DSGseq: a useful tool for identifying differentially spliced genes from two groups of RNA-seq samples

version 0.1.0  2012/5/14 update

 

Download:

Software  DSG-0.1.0.tar

Data for testing  data.tar

 

This is a beta release and more new functions will be added.
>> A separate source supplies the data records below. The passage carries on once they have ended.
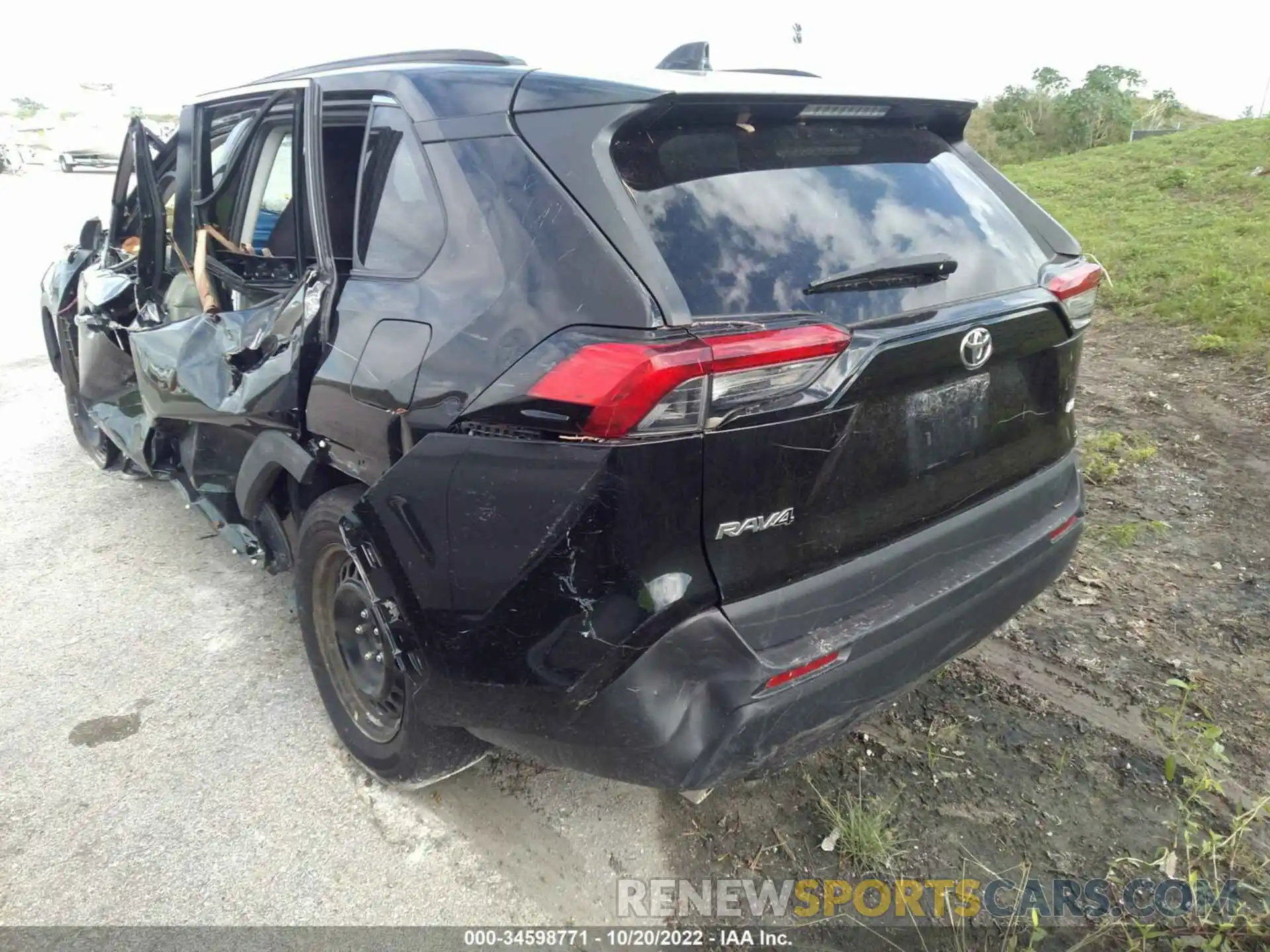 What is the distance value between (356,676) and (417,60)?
5.99 ft

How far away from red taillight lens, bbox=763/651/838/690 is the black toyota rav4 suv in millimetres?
12

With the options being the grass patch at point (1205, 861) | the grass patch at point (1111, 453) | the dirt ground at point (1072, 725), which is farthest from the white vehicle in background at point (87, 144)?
the grass patch at point (1205, 861)

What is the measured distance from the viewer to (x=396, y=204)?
2248 millimetres

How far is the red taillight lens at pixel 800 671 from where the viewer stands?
175 centimetres

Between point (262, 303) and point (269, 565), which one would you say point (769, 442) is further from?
point (269, 565)

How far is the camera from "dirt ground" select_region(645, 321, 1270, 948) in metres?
2.29

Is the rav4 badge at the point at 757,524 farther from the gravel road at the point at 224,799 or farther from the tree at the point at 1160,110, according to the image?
the tree at the point at 1160,110

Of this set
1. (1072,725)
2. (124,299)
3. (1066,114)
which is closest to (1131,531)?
(1072,725)

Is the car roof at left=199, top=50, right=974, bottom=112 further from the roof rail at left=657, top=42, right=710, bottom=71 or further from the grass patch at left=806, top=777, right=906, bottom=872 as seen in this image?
the grass patch at left=806, top=777, right=906, bottom=872

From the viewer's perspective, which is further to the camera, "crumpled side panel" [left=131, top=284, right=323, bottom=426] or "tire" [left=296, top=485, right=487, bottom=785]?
"crumpled side panel" [left=131, top=284, right=323, bottom=426]

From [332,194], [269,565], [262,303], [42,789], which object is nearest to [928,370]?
[332,194]

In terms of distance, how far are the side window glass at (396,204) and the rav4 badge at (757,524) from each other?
3.21ft

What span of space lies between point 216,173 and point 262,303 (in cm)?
95

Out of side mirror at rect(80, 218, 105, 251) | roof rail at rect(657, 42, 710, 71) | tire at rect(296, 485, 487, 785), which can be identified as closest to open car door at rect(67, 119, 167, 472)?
side mirror at rect(80, 218, 105, 251) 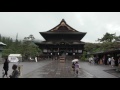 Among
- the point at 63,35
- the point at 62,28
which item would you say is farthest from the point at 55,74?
the point at 62,28

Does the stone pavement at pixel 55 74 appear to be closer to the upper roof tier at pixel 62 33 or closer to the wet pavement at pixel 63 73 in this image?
the wet pavement at pixel 63 73

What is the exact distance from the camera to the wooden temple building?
65.0m

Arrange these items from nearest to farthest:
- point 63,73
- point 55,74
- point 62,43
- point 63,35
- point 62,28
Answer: point 55,74
point 63,73
point 62,43
point 63,35
point 62,28

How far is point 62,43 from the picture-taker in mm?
64750

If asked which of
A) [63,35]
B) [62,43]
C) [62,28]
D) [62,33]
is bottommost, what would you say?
[62,43]

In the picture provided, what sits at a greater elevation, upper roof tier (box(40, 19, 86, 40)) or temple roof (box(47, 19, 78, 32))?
temple roof (box(47, 19, 78, 32))

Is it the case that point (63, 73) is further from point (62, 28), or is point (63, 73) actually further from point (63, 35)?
point (62, 28)

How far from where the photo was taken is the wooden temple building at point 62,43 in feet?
213

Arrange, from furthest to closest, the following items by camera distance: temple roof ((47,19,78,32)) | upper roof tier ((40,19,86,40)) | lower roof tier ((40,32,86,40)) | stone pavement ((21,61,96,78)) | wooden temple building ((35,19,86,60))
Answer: temple roof ((47,19,78,32)) → upper roof tier ((40,19,86,40)) → lower roof tier ((40,32,86,40)) → wooden temple building ((35,19,86,60)) → stone pavement ((21,61,96,78))

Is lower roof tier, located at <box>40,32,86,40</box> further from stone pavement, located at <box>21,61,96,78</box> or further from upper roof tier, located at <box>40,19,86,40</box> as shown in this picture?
stone pavement, located at <box>21,61,96,78</box>

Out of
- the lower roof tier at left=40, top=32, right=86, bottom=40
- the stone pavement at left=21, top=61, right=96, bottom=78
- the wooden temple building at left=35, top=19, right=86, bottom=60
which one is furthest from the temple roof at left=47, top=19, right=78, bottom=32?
the stone pavement at left=21, top=61, right=96, bottom=78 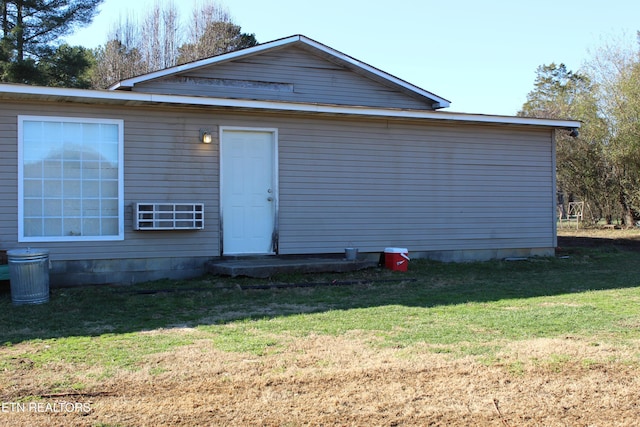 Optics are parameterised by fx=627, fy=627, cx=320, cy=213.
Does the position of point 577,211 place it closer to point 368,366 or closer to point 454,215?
point 454,215

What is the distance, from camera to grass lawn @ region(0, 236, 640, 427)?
348 centimetres

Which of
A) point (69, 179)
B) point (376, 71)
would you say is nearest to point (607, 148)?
point (376, 71)

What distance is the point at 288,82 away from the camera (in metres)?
11.7

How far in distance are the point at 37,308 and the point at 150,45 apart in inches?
964

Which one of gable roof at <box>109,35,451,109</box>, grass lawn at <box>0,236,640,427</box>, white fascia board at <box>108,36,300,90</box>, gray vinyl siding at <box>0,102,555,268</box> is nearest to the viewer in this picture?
grass lawn at <box>0,236,640,427</box>

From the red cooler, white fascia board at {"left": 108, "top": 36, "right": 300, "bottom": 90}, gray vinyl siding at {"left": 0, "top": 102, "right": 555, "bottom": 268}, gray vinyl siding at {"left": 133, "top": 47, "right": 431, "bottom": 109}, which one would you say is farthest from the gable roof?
the red cooler

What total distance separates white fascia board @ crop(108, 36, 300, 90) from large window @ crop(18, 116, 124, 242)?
1.95 metres

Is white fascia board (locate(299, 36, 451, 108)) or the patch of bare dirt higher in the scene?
white fascia board (locate(299, 36, 451, 108))

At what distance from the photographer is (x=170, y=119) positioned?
923 cm

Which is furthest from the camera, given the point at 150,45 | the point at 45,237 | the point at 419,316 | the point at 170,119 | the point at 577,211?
the point at 150,45

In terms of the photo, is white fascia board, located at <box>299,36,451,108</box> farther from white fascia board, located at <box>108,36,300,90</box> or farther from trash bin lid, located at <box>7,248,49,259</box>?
trash bin lid, located at <box>7,248,49,259</box>

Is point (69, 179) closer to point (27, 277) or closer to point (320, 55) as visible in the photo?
point (27, 277)

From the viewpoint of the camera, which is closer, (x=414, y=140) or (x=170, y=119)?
(x=170, y=119)

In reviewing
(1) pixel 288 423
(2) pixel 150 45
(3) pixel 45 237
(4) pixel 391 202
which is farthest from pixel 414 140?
(2) pixel 150 45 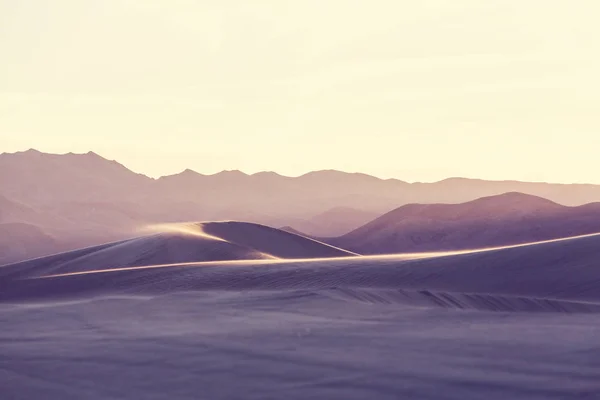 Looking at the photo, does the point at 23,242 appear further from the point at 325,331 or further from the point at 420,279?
the point at 325,331

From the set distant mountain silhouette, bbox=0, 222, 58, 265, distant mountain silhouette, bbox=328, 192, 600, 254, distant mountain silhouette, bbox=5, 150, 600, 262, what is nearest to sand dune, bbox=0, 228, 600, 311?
distant mountain silhouette, bbox=328, 192, 600, 254

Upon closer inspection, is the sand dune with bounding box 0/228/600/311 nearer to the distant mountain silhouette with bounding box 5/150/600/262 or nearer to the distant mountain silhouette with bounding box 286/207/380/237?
the distant mountain silhouette with bounding box 5/150/600/262

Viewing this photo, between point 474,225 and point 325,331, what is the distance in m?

Please connect with Zhiyi Qin (e-mail: qzy06@mails.tsinghua.edu.cn ) if you have any problems or advises in use.

 

 

Description:

      this program is aimed to identify differentially spliced genes from two groups of RNA-seq samples.

Input: reads count file.

Output: differences in the relative abundance of the isoforms of each gene in the annotation.

 

 

Environment:

      R (version 2.10 or higher)

      g++ compiler

      Linux (command line).

 

 

Installation:

      1.Unpack the DSG package:

           tar xvf DSG-0.1.0.tar

           tar xvf data.tar

      2.Change to the DSG/SeqExpress directory:

           cd DSG-0.1.0/SeqExpress

      3.make SeqExpress:

           make

 

 

Usage:

      1.get merged annotation file. this operation is used to convert biological exons into mathematic exons.

           Rscript merge.R <annotation_file.refFlat> <annotation_file.merge.refFlat>

      2.obtain the ".count" files with the input like ".BED6", ".BED12", and ".BAM" files.

           2.1 obtain ".count" file from ".BED6" file

                 /DSGSeq/SeqExpress/SeqExpress count XXX.bed XXX.merge.refFlat XXX.count

           2.2 obtain ".count" file from ".BED12" file

                 cut -f1-6 XXX.bed > XXX.bed6

                 /DSGSeq/SeqExpress/SeqExpress count XXX.bed6 XXX.merge.refFlat XXX.count

           2.3 obtain ".count" file from ".BAM" file (need bedtools)

                 bamToBed -i XXX.bam > XXX.bed

                 /DSGSeq/SeqExpress/SeqExpress count XXX.bed XXX.merge.refFlat XXX.count

      3.identify differentially spliced genes by calculating the NB-statistic.

           Rscript DSGNB.R <case_group_size> <case_filename> <control_group_size> <control_filename> <output>

           Example: Rscript DSGNB.R 7 ./Liver_1.count ./Liver_2.count ./Liver_3.count ./Liver_4.count ./Liver_6.count ./Liver_7.count ./Liver_8.count 7 ./Kidney_1.count ./Kidney_2.count ./Kidney_3.count ./Kidney_4.count ./Kidney_6.count ./Kidney_7.count ./Kidney_8.count ./Liver_Kidney

 

 

Output:

      it is declared in this file the differences in the relative abundance of the isoforms of each gene in the annotation.

      Each file has the following format:

Column number

Column name

Example

Description

 

1

gene_name

ENSA

A unique ID describing each gene.

 

2

ID

NM_207042

The gene_name or one of transcript_id for testing.

 

3

num_exons

8

The number of mathematic exons.

 

4

exons_length

737,2363,167,48,

420,126,73,209,

The length of each mathematic exon.

 

5

gene_count_mean

380.785714285714

The average count of each gene in all the samples.

 

6

is_filtered

FALSE

FALSE (means the gene has enough read count for testing) or TRUE (not enough for testing).

 

7

NB_stat

51.4237559767432

Differences in the relative abundance of the isoforms of each gene in two groups of samples.

 

8

NB_stat_exon

156.2,88.39,36.59,NA,

0.06,8.69,NA,18.61

Differences in the relative abundance of the isoforms of each exon in each gene.

 

9

diff_exon

1

The order of the exon that the most significant difference happened.